Ab hier laufe ich auf schönen Pfaden durch die Komovi Berge, leider ist die Landschaft größtenteils vom Nebel verhüllt. Eine Traverse an einem steilen, glitschigen, von Latschen bewachsenem Hang ist schwierig und zeitraubend. Einige knorrige Kiefern markieren hier die Baumgrenze. Weiter geht es aufwärts durch alpines, steiniges, grasiges Terrain, bis zu einer Scharte auf 2150 Metern. 
Ein Schild verrät, dass es noch eineinhalb Stunden bis zum Gipfel des markanten Kom Kucki sind. Es ist schon spät und die Sicht ist ziemlich schlecht, daher zögere ich ein wenig, ob ich den Anstieg in Angriff nehmen soll. Aber da das tschechische Paar Stepan und Nadja, die ich hier treffe, auch nach oben gehen wollen, schließe ich mich den beiden an. Stepan war vor einigen Jahren schon mal auf dem Berg und ist der Meinung, dass der Aufstieg in viel kürzerer Zeit zu schaffen sei.
Zwar gibt es einige ausgesetzte Passagen und man sollte hier sicher schwindelfrei sein, ansonsten bietet der Aufstieg keine größeren klettertechnischen Hindernisse.
Als wir oben auf 2487 Meter sind, dringt ganz kurz die Sonne durch den Nebel und zaubert einen hellen Streifen in das Grün der Hänge, bald stehen wir aber wieder in der Nebelsuppe. 
Tatsächlich sind wir nach nur eineinhalb Stunden wieder an der Scharte und ich steige noch ein Stück weit ab, bis ich einen halbwegs ebenen Lagerplatz finde. Dass der doch nicht so gut ist, zeigt sich dann in der Nacht, als ich ständig ins Rutschen komme...
Bald nachdem ich am nächsten Morgen wieder aufgebrochen bin, stoße ich in der Nähe des verlassenen Katun Carine auf die beste Himbeerstelle der ganzen Wanderung! Einfach herrlich, wie ich mir hier den Bauch mit den aromatischen, saftigen Früchten voll schlagen kann!  Obwohl es etwas weniger neblig ist, als an den letzten Tagen, hüllt sich die Landschaft in feuchtes, kühles Grau. 
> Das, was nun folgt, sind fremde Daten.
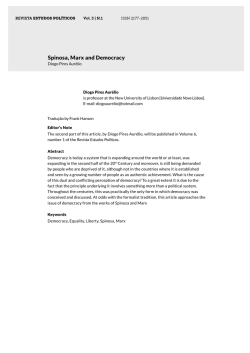 Spinosa, Marx and Democracy - Revista Estudos Pol&Atilde;&shy;ticos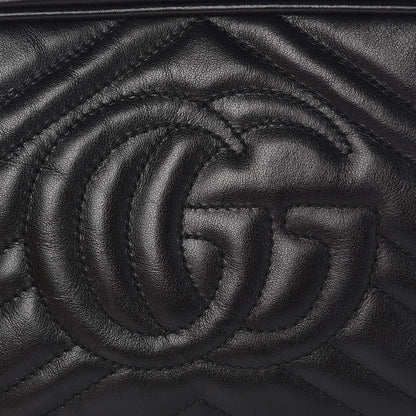 Gucci Calfskin Matelasse Mini GG Marmont Chain Shoulder Bag Black 8 of 9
An dem Glockenturm der  kleinen, orthodoxen  Kirche Sumor vorbei, die sonst sicher einen herrlichen Ausblick bietet, gelange ich weiter in die Bergwelt an der albanischen Grenze. Kurz bevor ich einen Sattel erreiche, reißt endlich die Wolkendecke auf, und die seit Tagen vermisste Sonne erscheint endlich wieder.